2
votes

I am trying to connect to a heart-rate monitor using the CoreBluetooth API.

According to the bluetooth spec the heart rate monitor service is 0x180D. To know what services a bluetooth device has you can connect to it and than request the available services. If one of the device services is 0x180D you got a heart rate monitor. Unfortunately that means connecting to all nearby bluetooth devices to filter the heartrate monitor.

Fortunately iOS has the following method -scanForPeripheralsWithServices: which scans for bluetooth devices advertising a specific service. The problem I am having is that some heart rate monitors advertise their service but some don't.

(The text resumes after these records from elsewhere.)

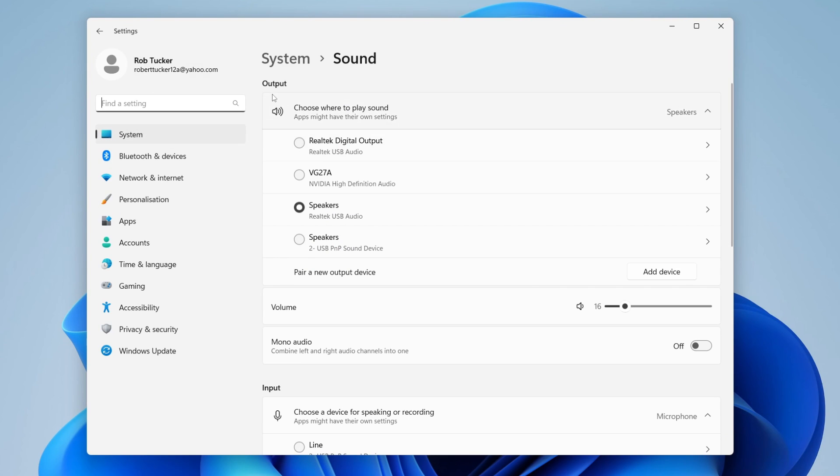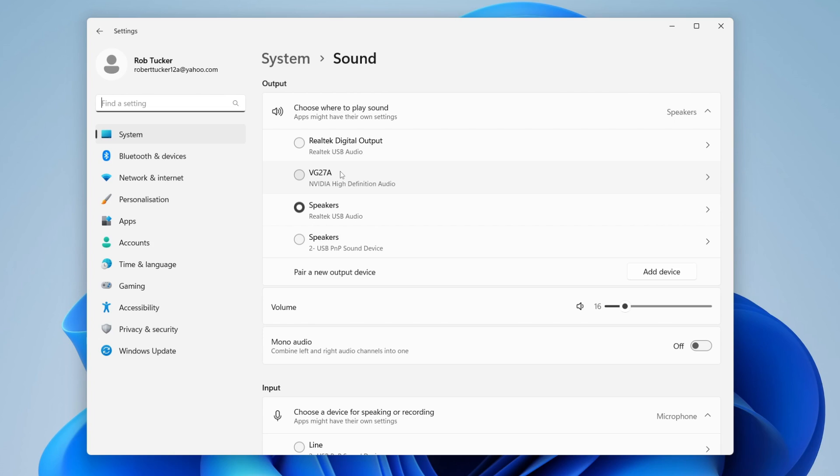In your sound settings, go to Output and where it says choose where to play sound, make sure your headphones are selected. Sometimes when you plug a device in, Windows doesn't automatically output to that device, so you may need to manually select it. For example, if my speakers are currently selected, I need to manually select the headphones after plugging them in.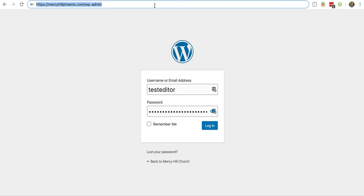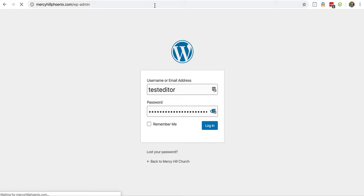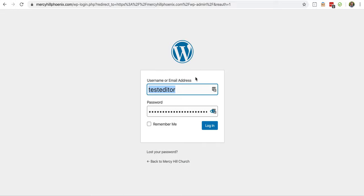Six steps to publish a blog post. First, navigate to your website slash wp-admin so you can log in. Enter your username and password. Click Login.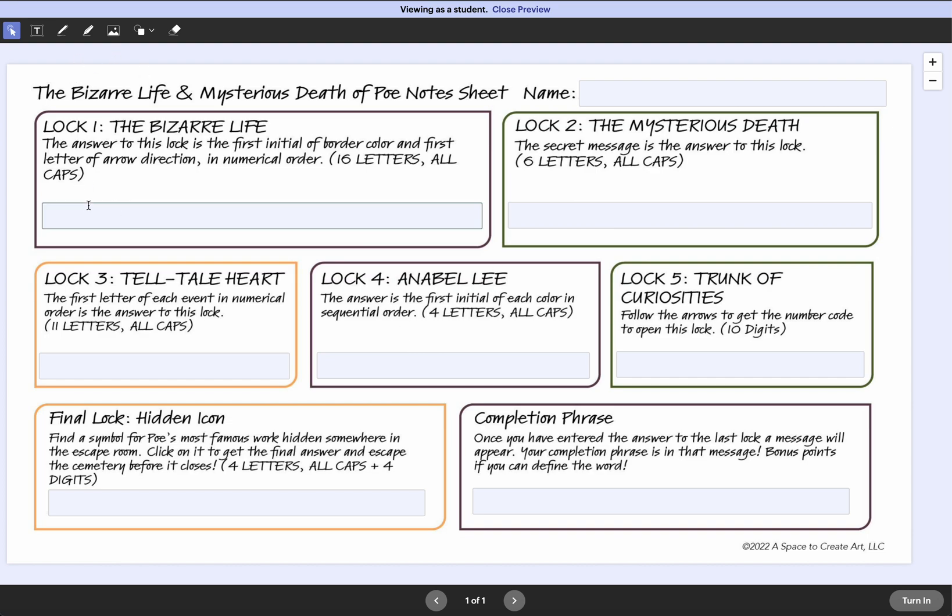This is what it looks like. They go in and put in the answers and then they can click turn in right here and that's it.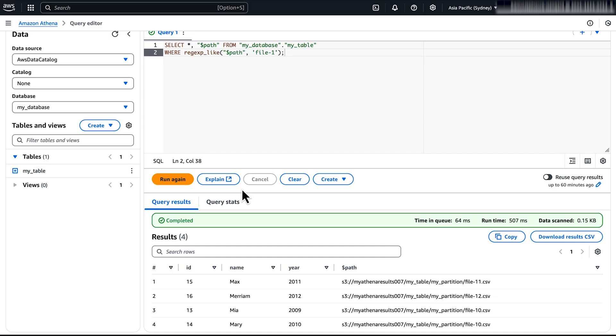So now you know how to see the Amazon S3 source file for rows in an Athena table. Thanks for watching and happy cloud computing from all of us here at AWS.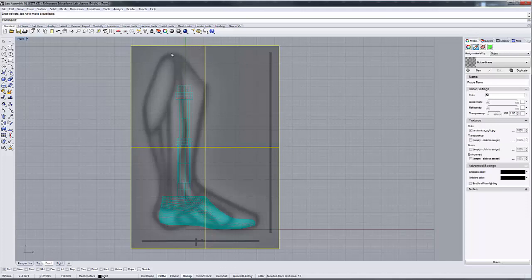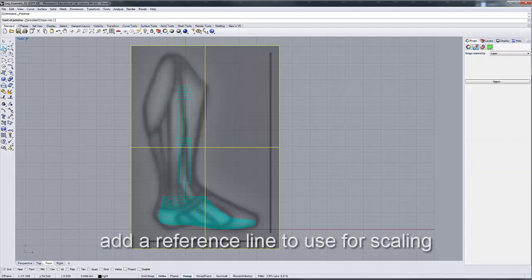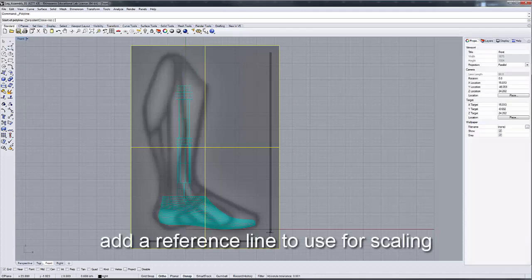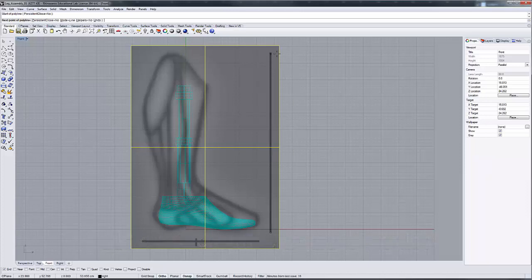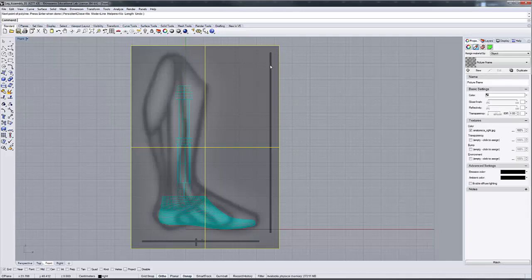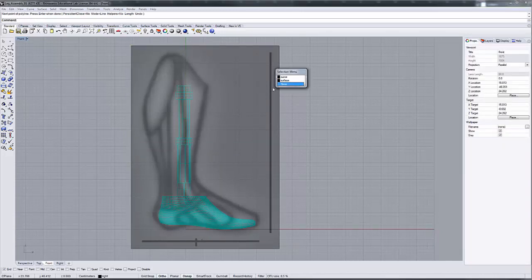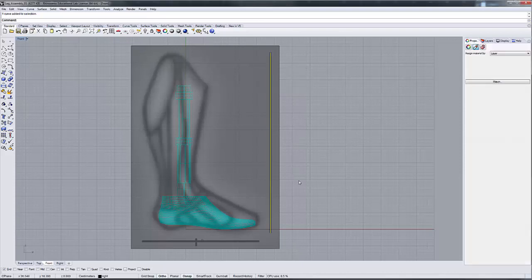Once I've established the scale for my image, the next step is to create a reference line. I'm going to start right here at the bottom of my tick mark, and with my ortho snap turned on, I'm going to make a reference line right there. I'm going to use that line to scale all of the other images that I bring in to this composition, because as long as those lines match up, I know that the scale will be on and proper.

How do other apps connect to heart rate monitors? Do they connect to every bluetooth device nearby to discover if it is a heart rate monitor?

1
At the moment I am doing the later. Which seems more tedious to connect to every nearby device but it also works faster and more reliable than waiting till devices advertise their service.automaticoo

1 Answers

1
votes

Core Bluetooth can only filter based on the data it knows. If a device advertises the 180D service, then your app will discover it while filtering. If the device doesn't advertise 180D, then CB (or anything else) has no additional info that would make it eligible for being selected.

Therefore, the only way to detect all devices is to scan without filtering for specific services. This is the simplest and most efficient way.